Today, I'm picking up where I left off last summer with trying to clean and keep spiffy looking an old 1990 C4, red, single paint (I think).
After spending a lot of time this winter looking at YouTube videos from all sorts of experts, some whom I've concluded aren't, I was struck by the detailing guys pushing one product or the other.
Almost universal in their recommendations is the use Microfiber cloths for glass, final polish and wax removal and quick detailing. I'm not looking for a show class car, but as I decline in age and getting in and out of these things is harder to do, I want to have some fun with it and still have time to do weather projects. I've used thin little microfiber cloths to clean camera lenses since those miraculous little things came out. But the detailing and car cleaning cloths are vastly different in look and feel from those small swatches of the original micro cloths, at least in my opinion.
I ordered a couple from Mcguires, 3M and others to try. One guy on Youtube kept hawking about how wonderful micros were to dry windshields after you washed them and to throw all your terry cloth towels away. I guess there were lint concerns, or something. On and on he and another person went about how absorbent these were.
Well with wet windshields after washing or after using Invisible Glass or whatever, I found using their microfiber recommendations to be frustrating beyond belief. I thought I knew how to dry some smooth surface, and with terry cloth I can and do. But if microfiber is made mainly from polyester, it lives up to what I know about materials in shunning water like crazy. I wipe. I fold, I use another micro towel.
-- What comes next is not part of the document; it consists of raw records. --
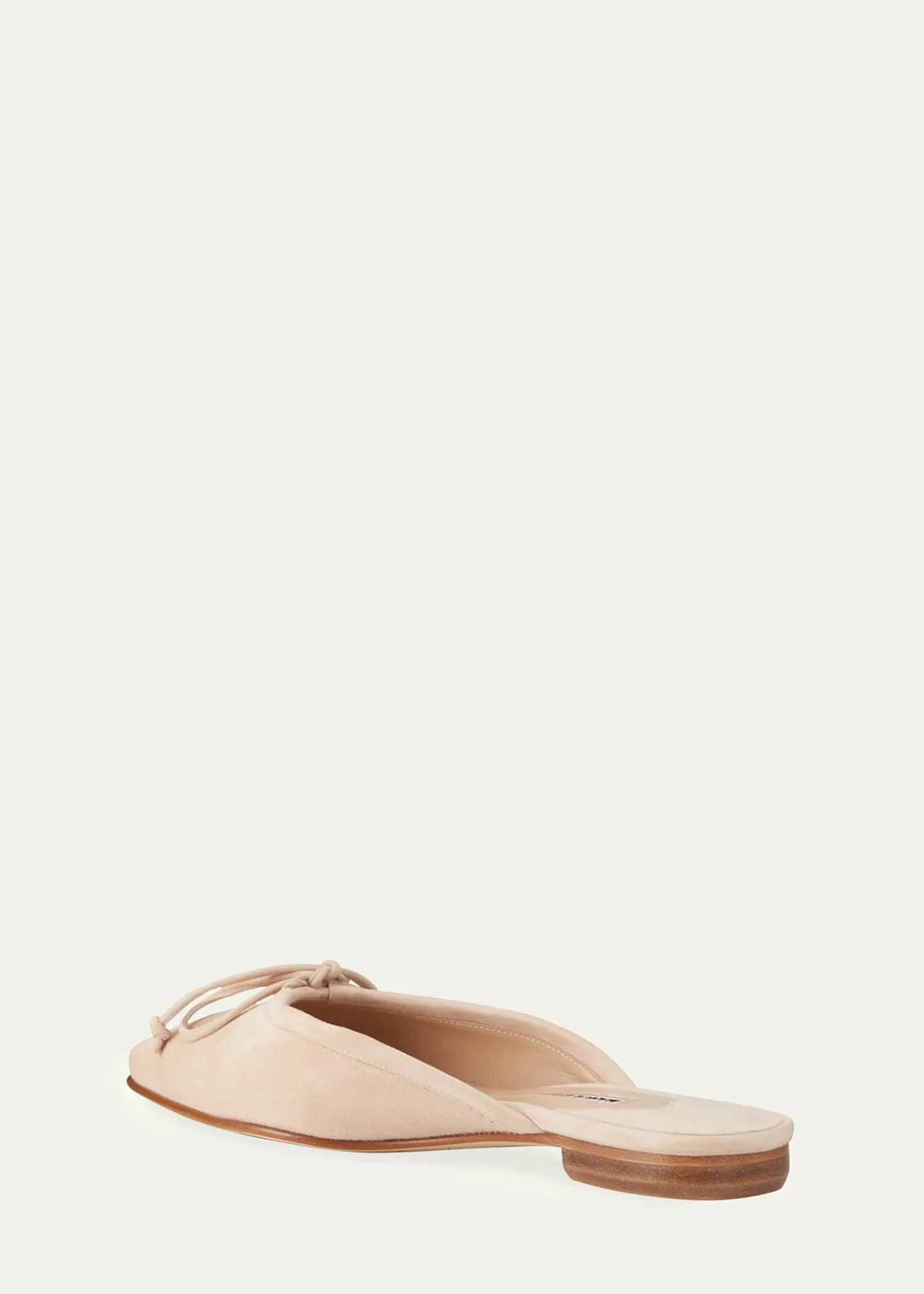 Manolo BlahnikBallerimu Suede Bow Ballerina Flat Mules
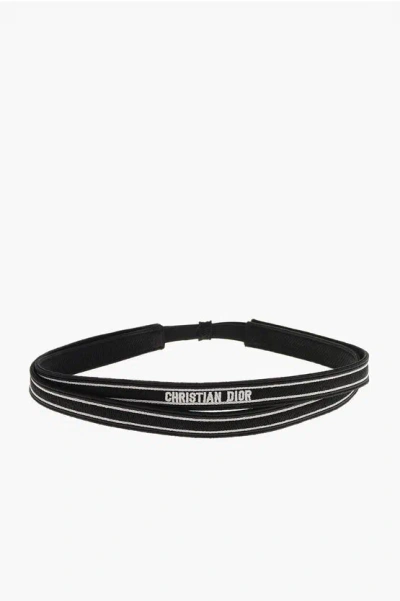 Dior Elastic Fabric Aime Headband With Embroidered Logo In Black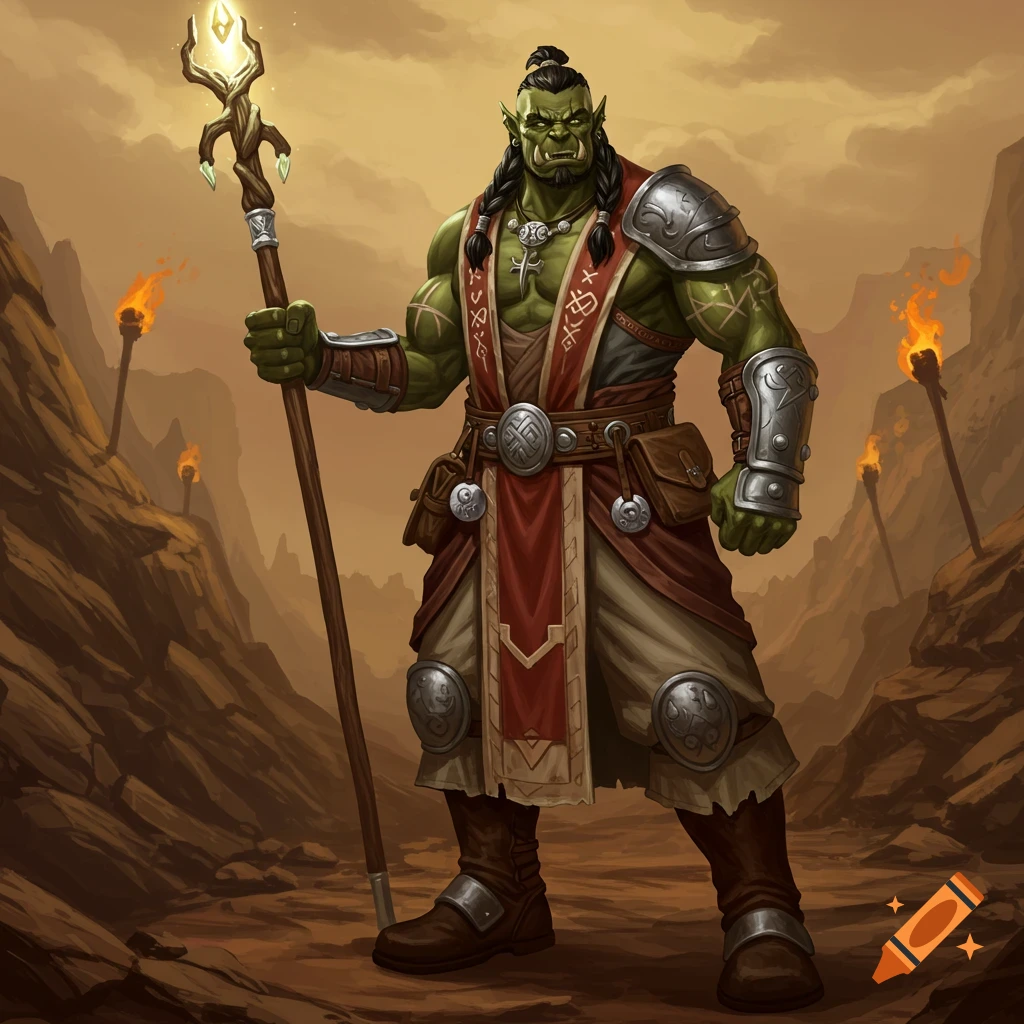 A muscular green orc cleric with braided hair, tusks, armor, and red robes, holds a glowing staff in a desert.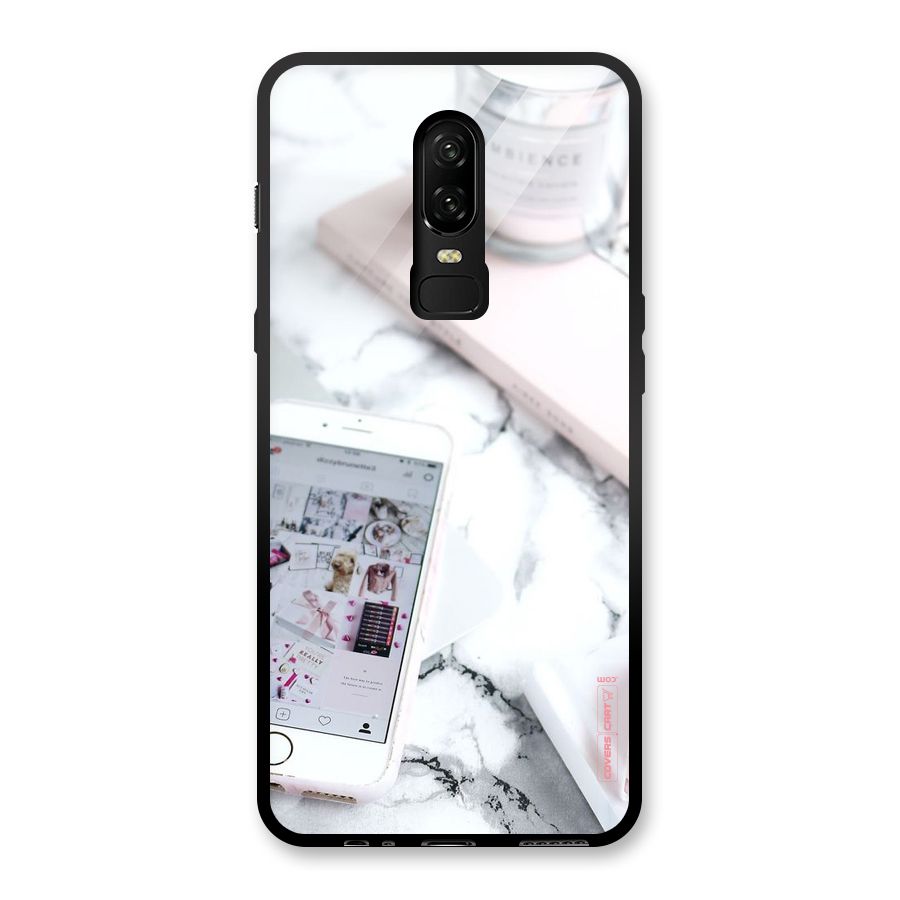 Make Up And Phone Glass Back Case for OnePlus 6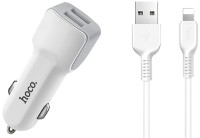 Автомобильная зарядка Hoco Z23 Grand Style Lightning White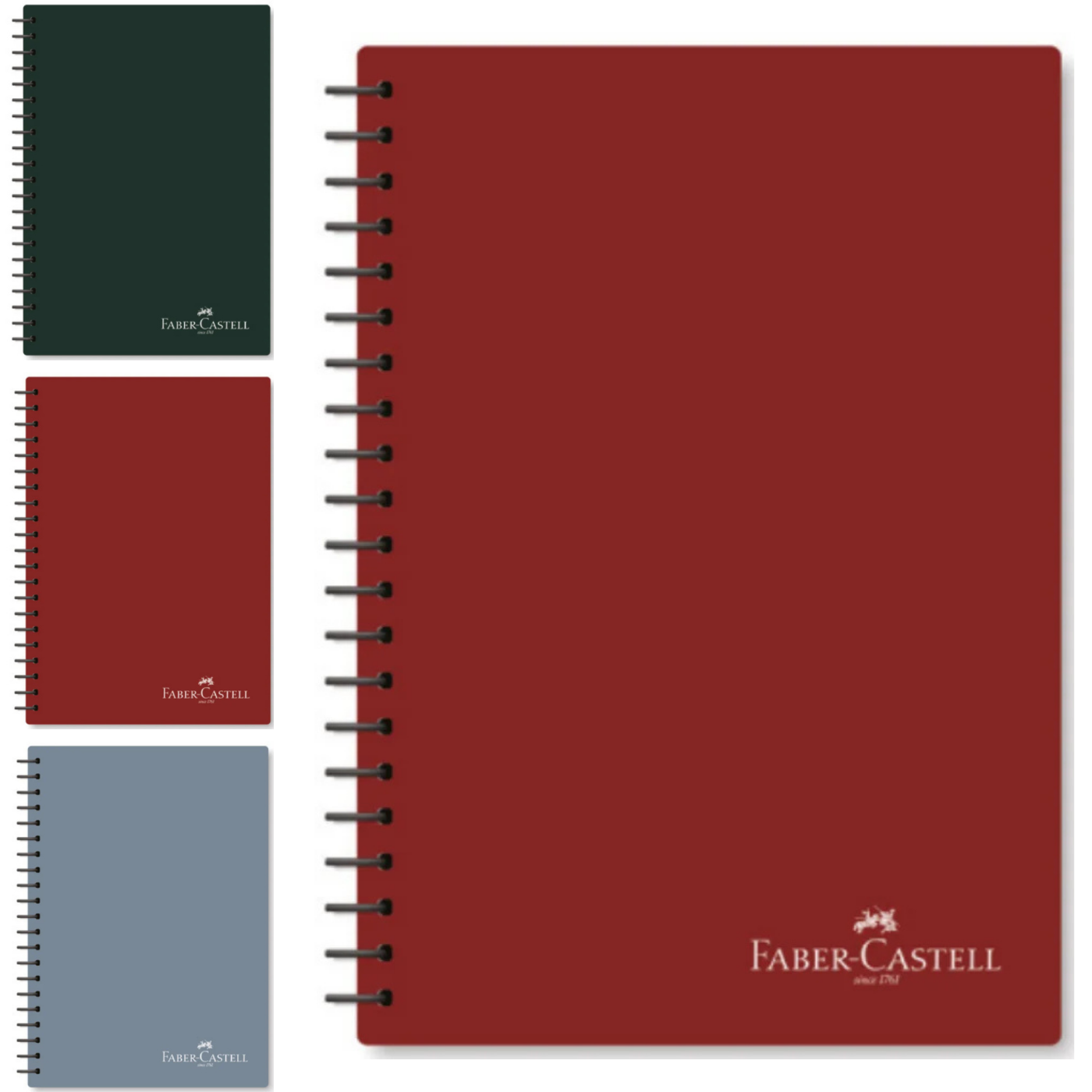 Faber-Castell A4 Koyu Renkler Spiralli PP Kapak Çizgili Defter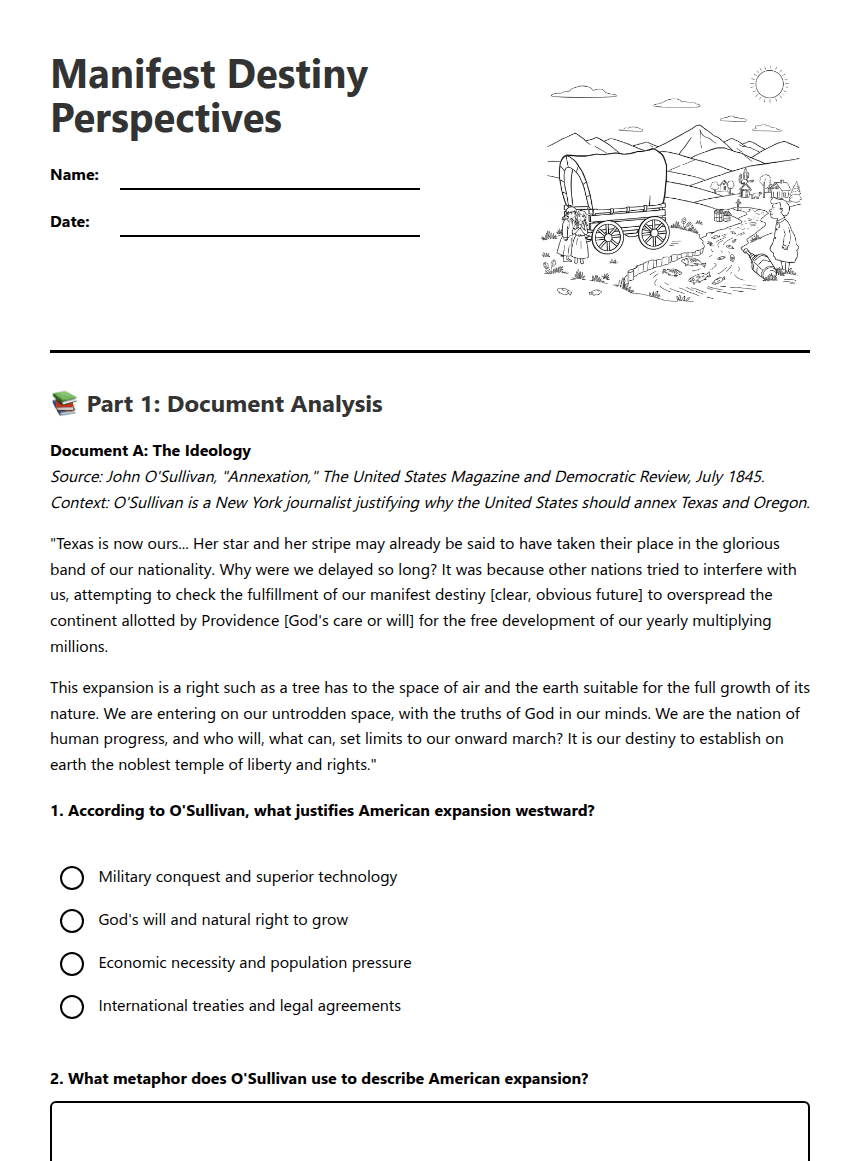 Manifest Destiny Perspectives worksheet preview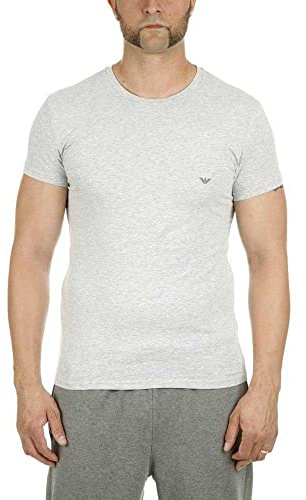 Emporio Armani herr basic stretch bomull t-shirt med crew neck pyjamasöverdel, Grå melange, M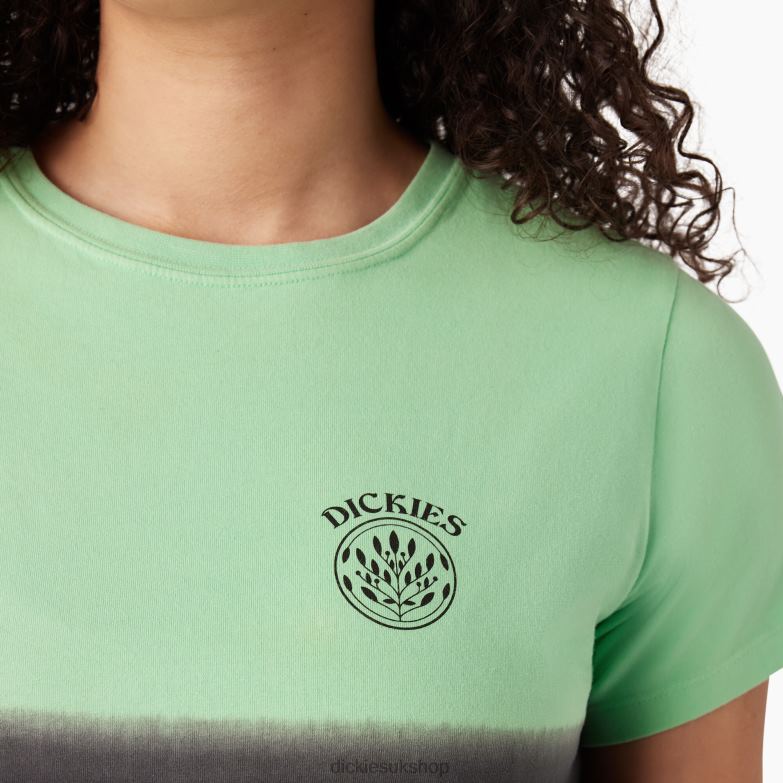Ombre Cropped T-Shirt Women Dickies Apple Mint/Black Dip Dye (AMD) 88T842181 Apparel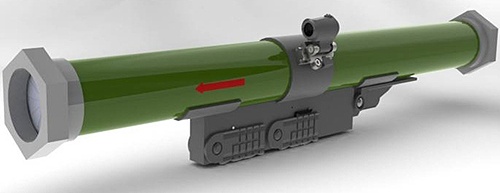 Wizualizacja przedstawiająca wstępną koncepcję nowego, jednorazowego granatnika przeciwpancernego dla Wojska Polskiego, wypełniającą lukę w tego rodzaju uzbrojeniu. Obok zwalczania pojazdów, broń ma służyć też do niszczenia celów nieopancerzonych i obiektów ufortyfikowanych / Rysunek: WAT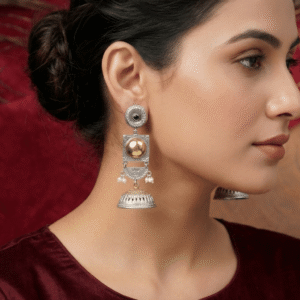 The Mandala Geometric Dual-Tone Jhumkas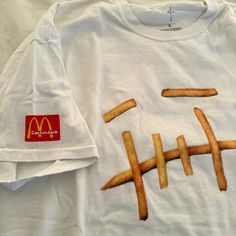 Travis Scott X Mcdonald’s Fry Tee Cactus Jack Large Never Worn Cactus, Mac, Travis Scott Mcdonald's, Cactus Jack, Travis Scott, Dream Closet, Color White, Tee Shirts, Mens Shirts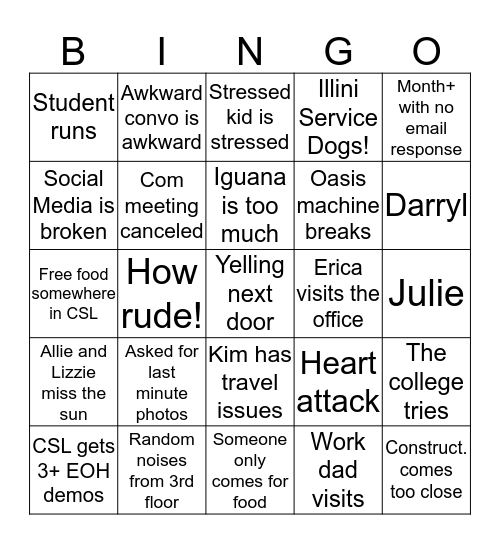 CSL Spring 2020 Bingo Card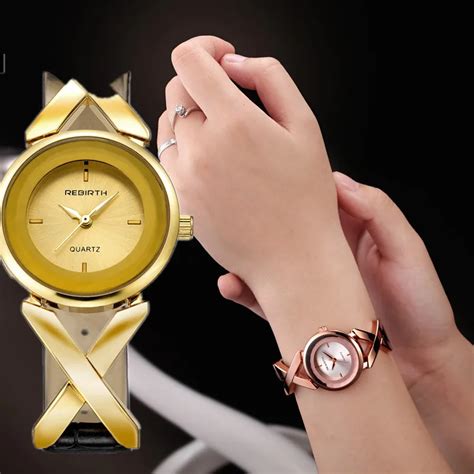 New Rebirth Brand Luxury Rose Gold Watch Women Quartz Wristwatche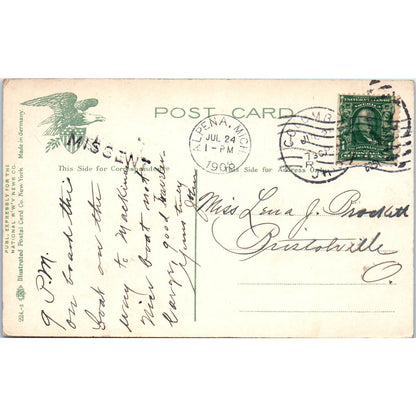 1908 D & C Express Steamer City of St. Ignace Original Postcard TK1-26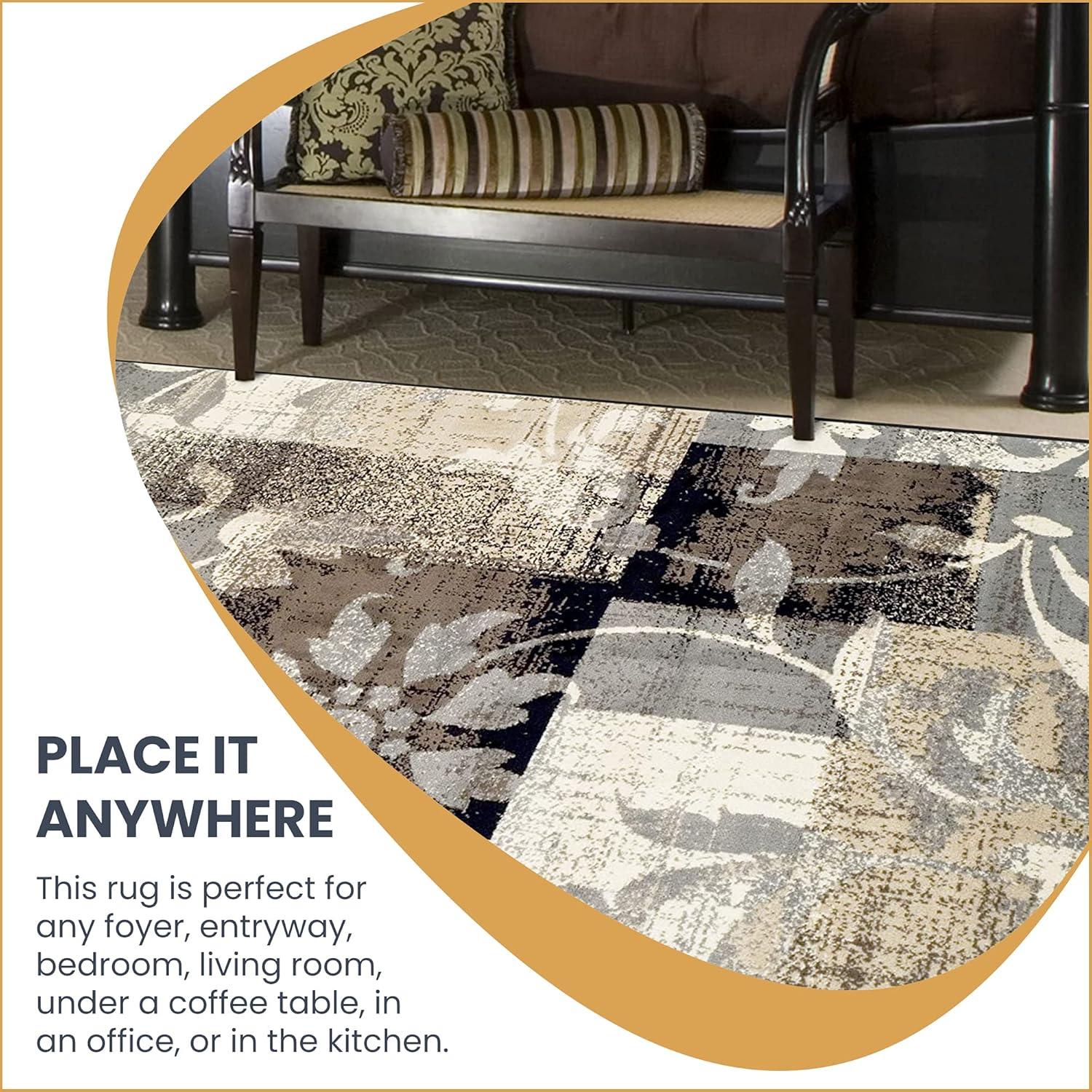 imageSuperior Indoor Area Rug Jute Backed Perfect for Office LivingDining Room Bedroom Kitchen Hallway Entryway Floor Modern Floral Patchwork Decor Pastiche Collection 8 Round BeigeBeige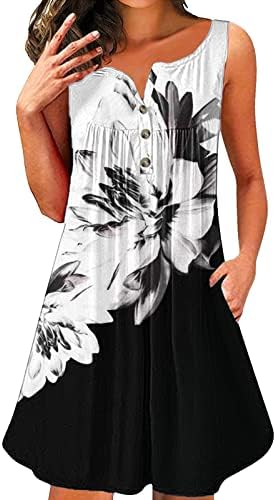 Dame Boho haljina Boemska cvjetna gumba za ispis Down Tank haljina Summer ležerno naplaćeno Midi Sundress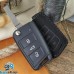  Чехол на выкидной ключ Skoda (Шкода), Octavia A7, Fabia, Karoq, Rapid, Kamiq, 3 кнопки, кожа нубук, черный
Still smearing the liquid all over the glass, I finally grab my terrycloth and have it absorb the liquid, and if there is a little haze left, then go back at it with the microfiber to remove that.
I'm baffled at how some of the professional detailers can use a product and praise it and I try to use the same brand only to find that the water is repelled and not sucked up.
There have to be some car or paint and finish hobbyists out there who have their way of doing a good cleaning and can suggest what I'm doing wrong, or can confirm it is best to use terrycloth to do the initial wipe down and fluid absorption and then switch to a micro to get rid of the haze?
Thoughts or comments on my findings?